One of the most popular resolutions people make is to lose more weight.
“The new year is a fresh start and after indulgence of holidays and guilt, new folks come in and set goals,” said fitness Instructor Joannie Pike at FirstHealth Fitness Center in Rockingham.
Pike said a good percentage stick to their goals and remain committed, and at least 80 percent have it on their minds when they come in. The facility offers promotions for newcomers. If you commit to a year, the price of each month of membership is reduced from $59 to $43, and January is free. Personal trainers and counselors are also nearby if you get discouraged, confused, or begin to develop a rut and need to break out of it.
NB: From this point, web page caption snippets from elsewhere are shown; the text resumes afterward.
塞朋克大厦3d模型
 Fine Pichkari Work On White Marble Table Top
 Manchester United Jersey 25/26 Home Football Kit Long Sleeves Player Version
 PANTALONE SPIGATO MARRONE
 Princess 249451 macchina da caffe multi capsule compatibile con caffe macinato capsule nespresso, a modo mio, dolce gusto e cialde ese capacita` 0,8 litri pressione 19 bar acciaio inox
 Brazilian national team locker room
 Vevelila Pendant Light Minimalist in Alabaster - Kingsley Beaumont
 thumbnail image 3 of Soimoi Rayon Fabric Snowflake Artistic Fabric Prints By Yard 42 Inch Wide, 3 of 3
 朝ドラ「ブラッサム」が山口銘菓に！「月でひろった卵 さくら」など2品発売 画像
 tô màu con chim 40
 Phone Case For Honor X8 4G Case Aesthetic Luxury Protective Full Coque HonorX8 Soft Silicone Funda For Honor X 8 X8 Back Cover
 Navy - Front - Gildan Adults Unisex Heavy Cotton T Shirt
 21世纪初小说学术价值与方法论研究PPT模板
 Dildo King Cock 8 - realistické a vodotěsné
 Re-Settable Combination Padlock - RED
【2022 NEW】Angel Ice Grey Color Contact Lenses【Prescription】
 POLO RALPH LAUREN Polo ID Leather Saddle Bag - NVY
“Fitness and changing what you eat is something everyone has a challenge with,” said Pike. “We’ll get a lot of fresh clientele in the coming months, especially for spring when it’s almost bathing suit weather. They come in all different shapes and sizes.”
While some people avoid resolutions because of fear of failure, one agency in Richmond County knows support helps.
Laura Clark of Monarch, an adult group home established to help those with disabilities who wish to be more independent, said their staff is working together to motivate each other to lose weight.
“We talked about it,” said Clark. “We’re all trying to lose weight. We would weigh in each week, and put in $1 when we weigh in. The biggest loser would get the money we collected.”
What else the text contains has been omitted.